EXERCISE PROMPT => Your answer must be the full listing, word for word, with no images in it.

GIVEN MATERIAL =>
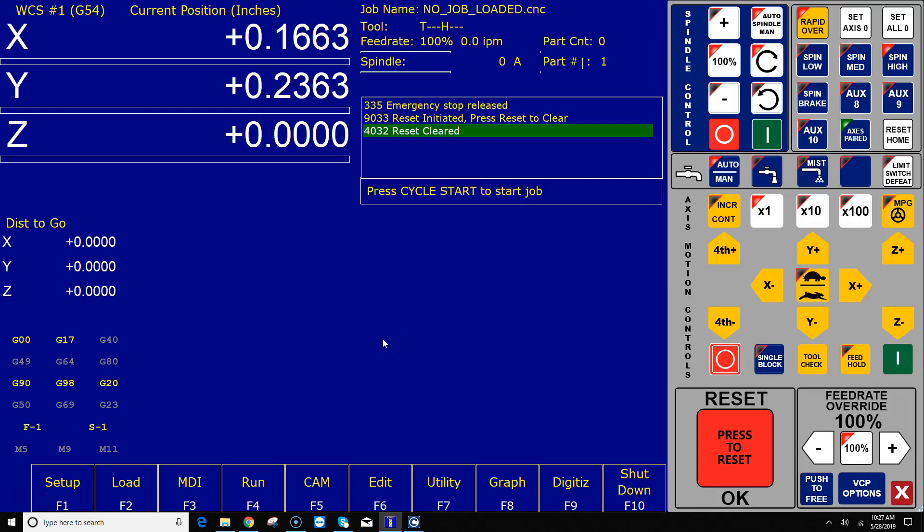Hey everyone, CNC Keith here with yet again another CNC DIY video. In this video I'm gonna go over how to program the AUX keys and the macro buttons on the MPG. Alrighty, let's get started.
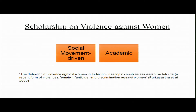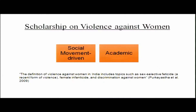A significant body of scholarship has focused on violence against women, investigating its various sources, reasons, and impacts. This scholarship is either focused on social movement-driven activities or academic conversations. As Pukasthaya and others write, the definition of violence against women in India includes topics such as sex-selective feticide, female infanticide, and discrimination against women — bringing all these types of violence under one umbrella addressed by scholarship and social movements.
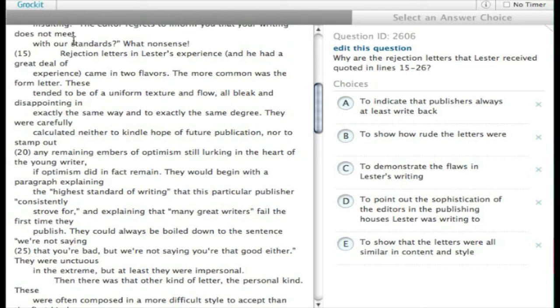So it says rejection letters and Lester's experience came in two flavors and the more common was the form letter. We're talking about form letters. A form letter is one that is kind of printed out in advance and just kind of sent in the appropriate situation.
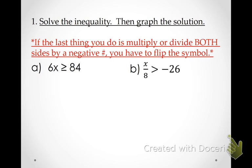Let's go ahead and write this down. Number one: solve the inequality. Then graph the solution. The main thing I want you to remember — and this is a new idea from yesterday — if the last thing you do is multiply or divide both sides by a negative number, you have to flip the symbol. That's the only new thing I'm teaching you today. We'll check each time to see: did we multiply or divide by a negative number as our last step?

SOLUTION =>
Hey everyone, CNC Keith here with yet again another CNC DIY video. In this video I'm gonna go over how to program the AUX keys and the macro buttons on the MPG. Alrighty, let's get started.
A significant body of scholarship has focused on violence against women, investigating its various sources, reasons, and impacts. This scholarship is either focused on social movement-driven activities or academic conversations. As Pukasthaya and others write, the definition of violence against women in India includes topics such as sex-selective feticide, female infanticide, and discrimination against women — bringing all these types of violence under one umbrella addressed by scholarship and social movements.
So it says rejection letters and Lester's experience came in two flavors and the more common was the form letter. We're talking about form letters. A form letter is one that is kind of printed out in advance and just kind of sent in the appropriate situation.
Let's go ahead and write this down. Number one: solve the inequality. Then graph the solution. The main thing I want you to remember — and this is a new idea from yesterday — if the last thing you do is multiply or divide both sides by a negative number, you have to flip the symbol. That's the only new thing I'm teaching you today. We'll check each time to see: did we multiply or divide by a negative number as our last step?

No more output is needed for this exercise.